FIC Mailer, Norman — Armies of the Night (C/BV) Winner of both the Pulitzer Prize and the National Book Award, Armies of the Night uniquely and unforgettably captures the Sixties’ tidal wave of love and rage. The setting is the anti-war march on Washington, October 21, 1967. Helicopters hover overhead and federal marshals and soldiers with fixed bayonets await marchers on the Pentagon steps. Among the marchers is a writer named Norman Mailer. From his own singular participation in the day’s events and his even more extraordinary perceptions comes a classic work that deliberately explores the space between fiction and traditional reportage. Intellectuals and hippies, clergymen and cops, poets and army MPs crowd the pages of a book in which facts are fused with techniques of fiction to create the nerve-end reality of experiential truth.

FIC Marlantes, Karl — Matterhorn: A Novel (ALL) Matterhorn was written by a highly decorated Vietnam veteran. It is the story of a young Marine lieutenant, Waino Mellas, and his comrades in Bravo Company, who are dropped into the mountain jungle of Vietnam. They must confront not merely the North Vietnamese but also monsoon rain and mud, leeches and tigers, disease and malnutrition. Almost as daunting, it turns out, are the obstacles they discover between each other: racial tension, competing ambitions, and duplicitous superior officers. But when the company finds itself surrounded and outnumbered by a massive enemy regiment, the Marines are thrust into the raw and all-consuming terror of combat. The experience will change them forever.

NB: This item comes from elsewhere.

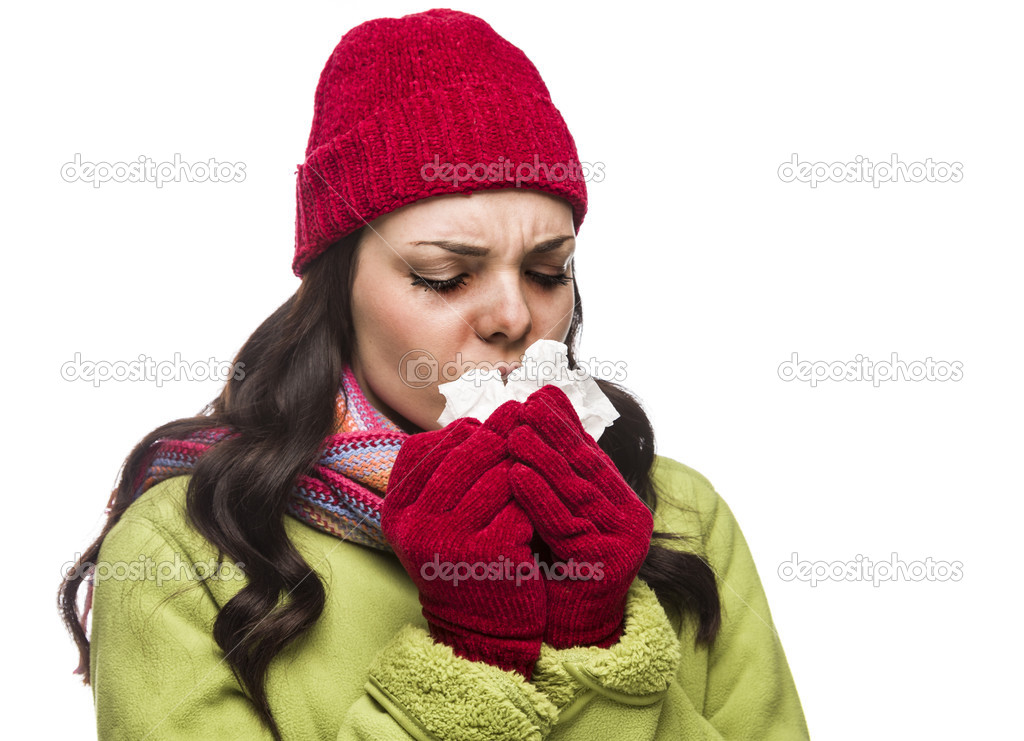 Sick Mixed Race Woman Blowing Her Sore Nose with Tissu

FIC Mason, Bobbie Ann Mason — In Country (C/BV) In Country is a coming-of-age novel in which the Vietnam War is central to the life of young Sam Hughes whose father was killed in Vietnam when she was a young girl. It explores the impact of Vietnam on both the generation that served and the generation that followed them. Sam is now living in rural Kentucky with her uncle Emmett who also served in Vietnam. Sam comes to feel that in order to understand her own life she must understand the experience of her father and of her uncle and his veteran friends. They are a central part of her life, but they remain silent about their experiences.

FIC Nguyen, Viet Thanh — The Sympathizer (C/BV) The Sympathizer, was the winner of the 2016 Pulitzer Prize for Fiction. The narrator is a communist double agent who is a captain in the South Vietnamese army. He escapes to America after the Fall of Saigon, from where he secretly reports on the activities of the exiled South Vietnamese military in Los Angeles to his Communist superiors in Vietnam. Captured on an ill-conceived mission he undertakes with a friend who has insisted upon returning to Vietnam, he is interrogated and tortured by those he has helped to win the war. “Haunted by a faith he no longer accepts, insecure in the communist ideology he has embraced, the spy sweeps a vision sharpened by disillusionment across the tangled individual psyches of those close to him a friend, a lover, a comrade and into the warped motives of the imperialists and ideologues governing the world he must navigate.” (From the Booklist review) FIC Ninh, Bio — The Sorrow of War (C/BV) Bao Ninh, a former North Vietnamese soldier, provides a strikingly honest look at how the Vietnam War forever changed his life, his country, and the people who live there. The novel opens just after the war, with Kien working in a unit that recovers soldiers' corpses. Revisiting the sites of battles raises emotional ghosts for him, "a parade of horrific memories" that threatens his sanity. He finds that writing about those years is the only way to purge them. Juxtaposing battle scenes with dreams and childhood remembrances as well as events in Kien's postwar life, this chaotically plotted book builds to a climax of brutality.